Scraped caption text data ▸
**********

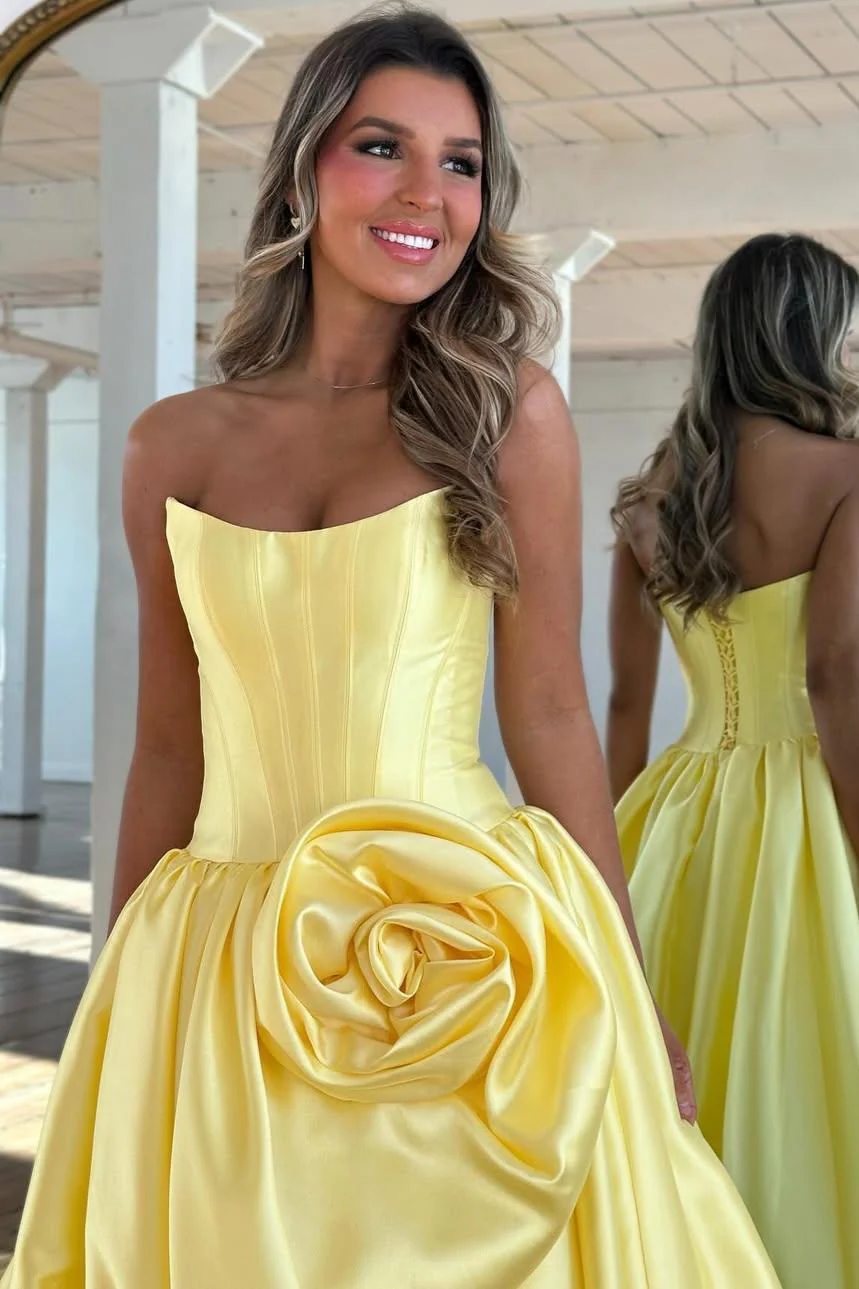 Luxury Strapless Corset Prom Gown with High Slit Skirt and Rosette Accent - Image 3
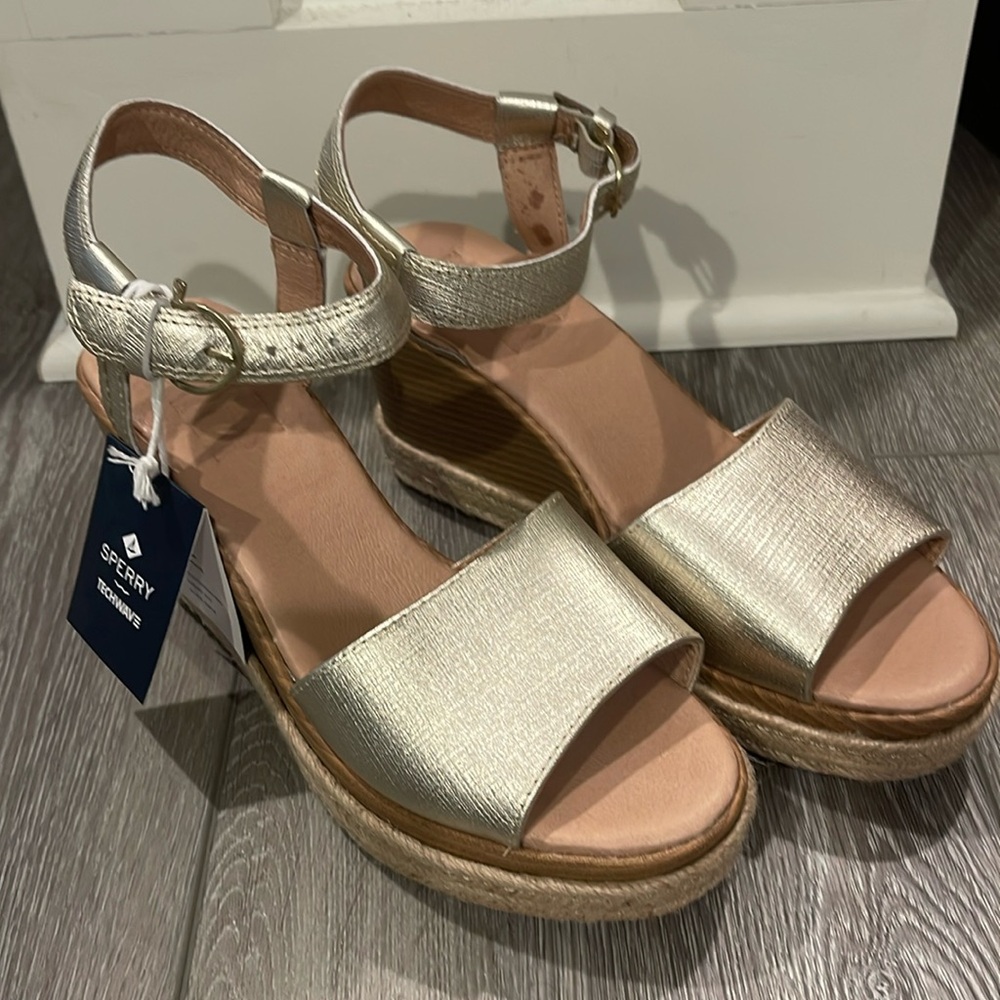 Women’s Sperry Sandals, size 9, NWT.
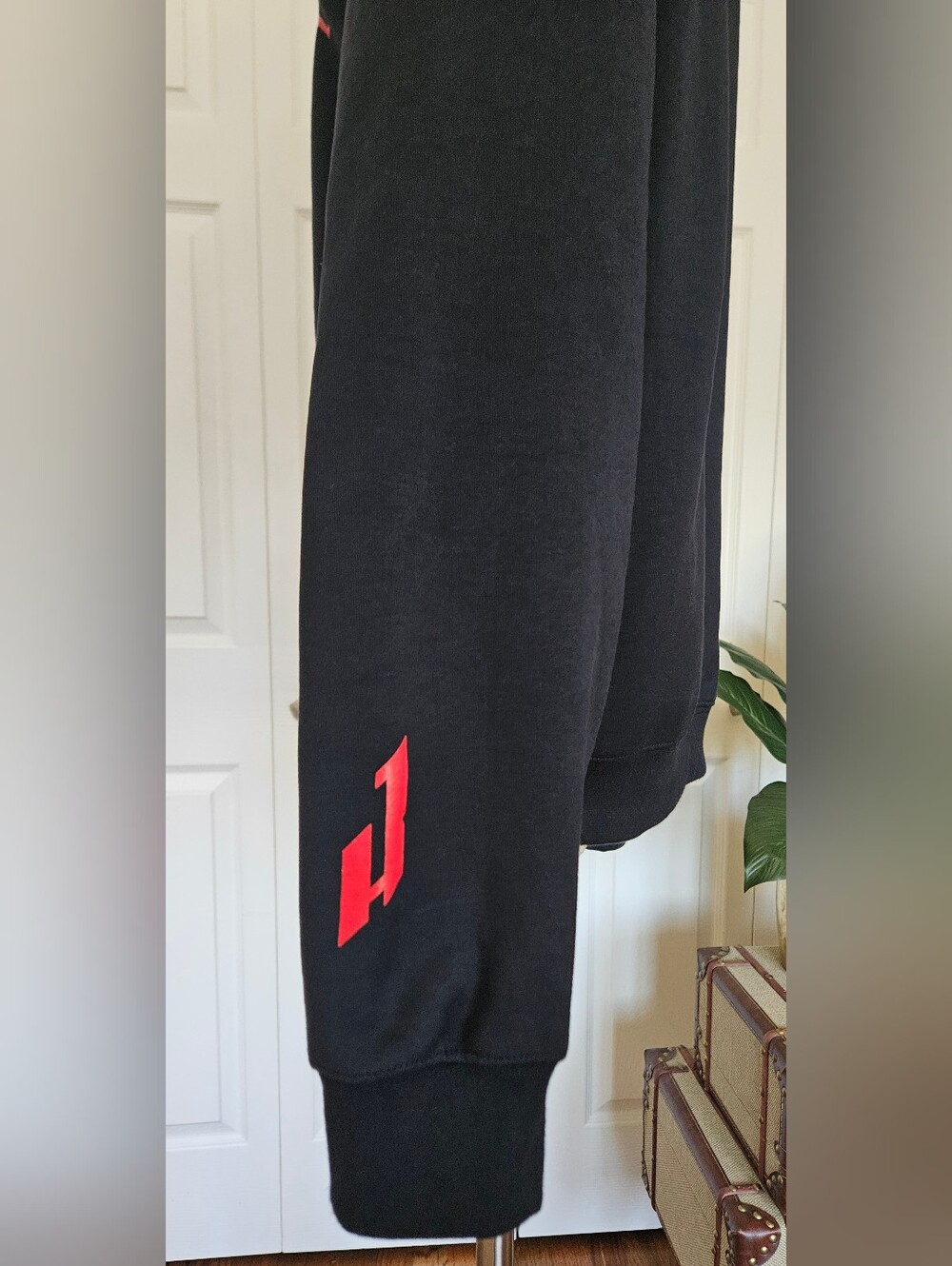 NWT Nike Jordan Jalen Hurts Love Hurts Pullover Hoodie Black Red Eagles Size M - Picture 3 of 14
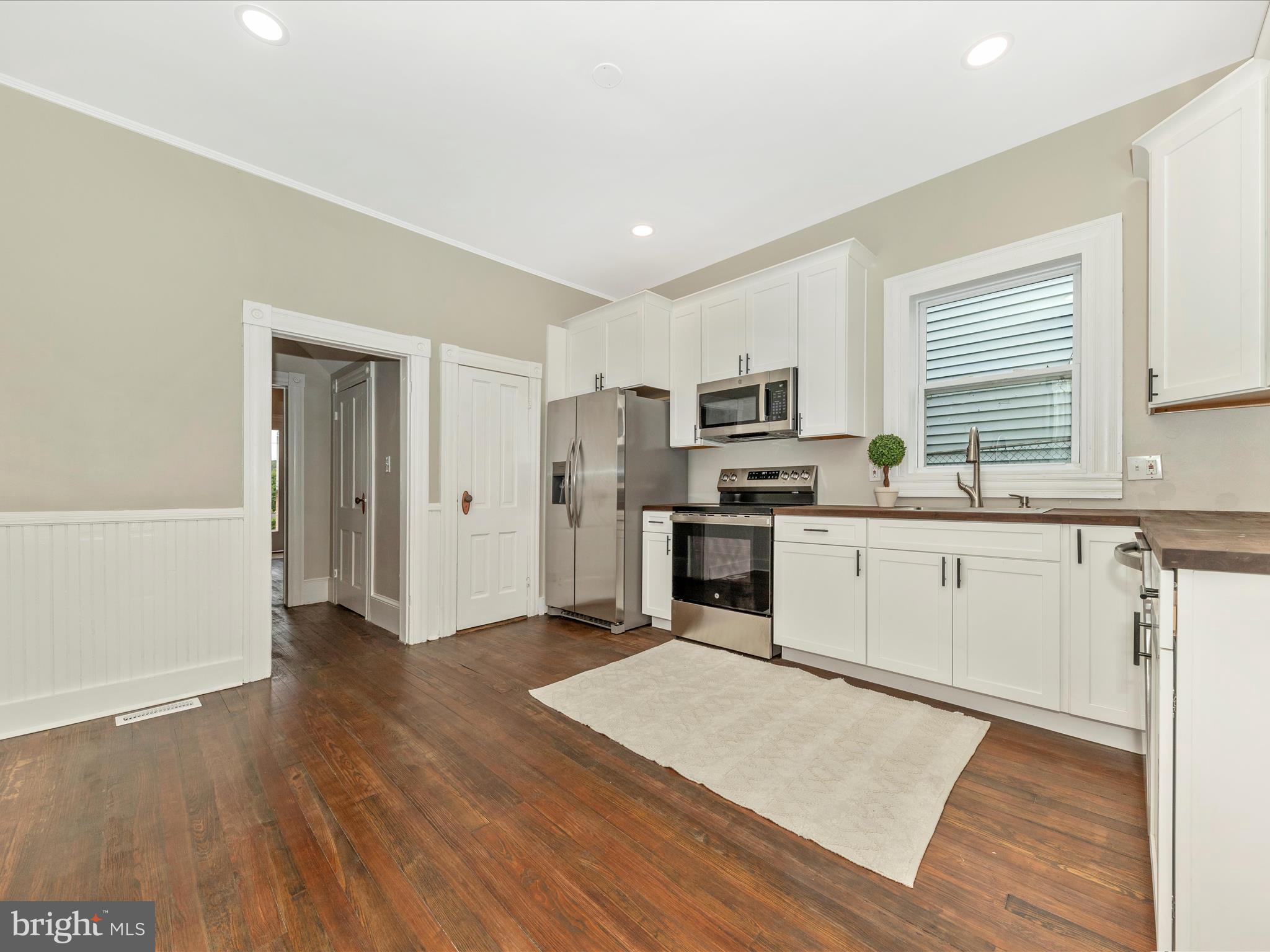 DOWNTOWN BRUNSWICK - Residential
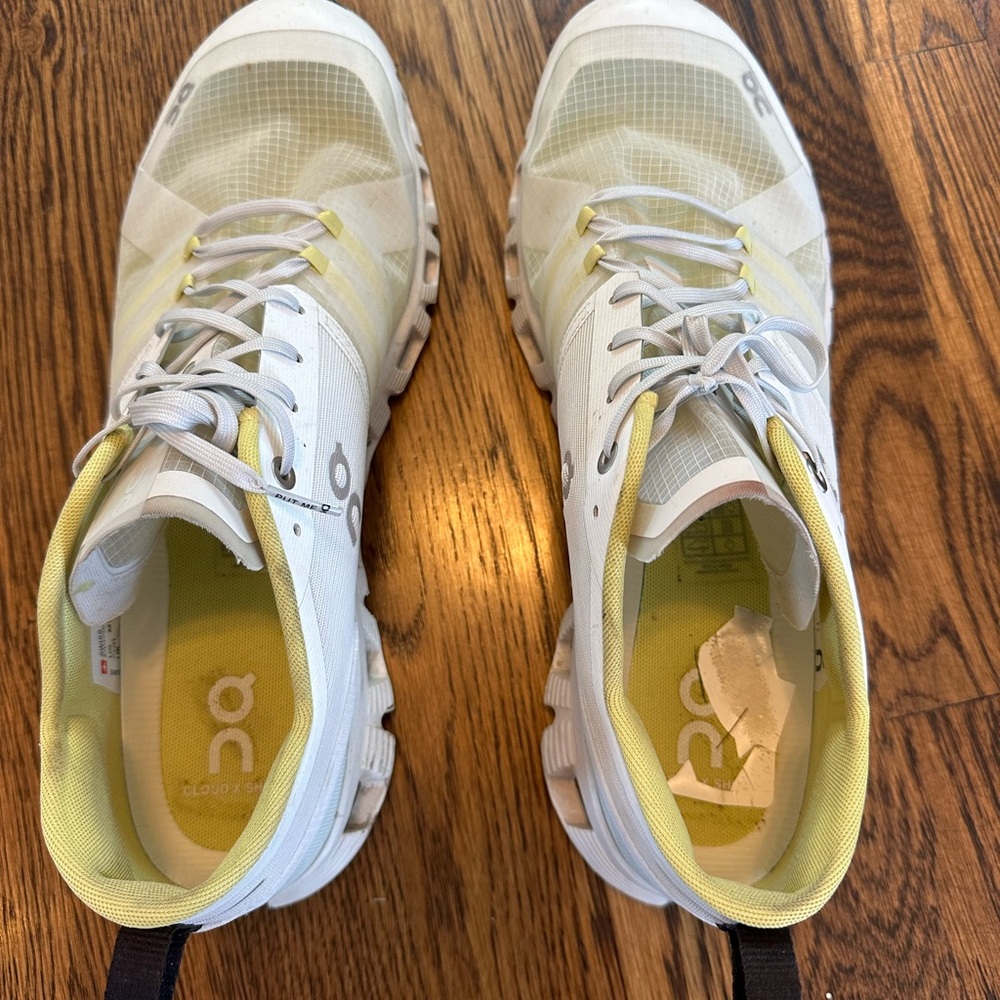 Men’s On-cloud. Only ran in them maybe twice.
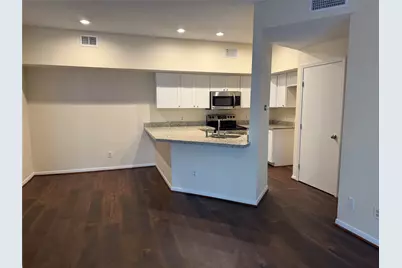 2121 El Paseo Street #2003, Houston, TX 77054 - Photo 2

**********

Problem to solve ▸ Repeat the lines above exactly, and keep every picture out.

Solution for this task ▸
 Luxury Strapless Corset Prom Gown with High Slit Skirt and Rosette Accent - Image 3
 Women’s Sperry Sandals, size 9, NWT.
 NWT Nike Jordan Jalen Hurts Love Hurts Pullover Hoodie Black Red Eagles Size M - Picture 3 of 14
 DOWNTOWN BRUNSWICK - Residential
 Men’s On-cloud. Only ran in them maybe twice.
 2121 El Paseo Street #2003, Houston, TX 77054 - Photo 2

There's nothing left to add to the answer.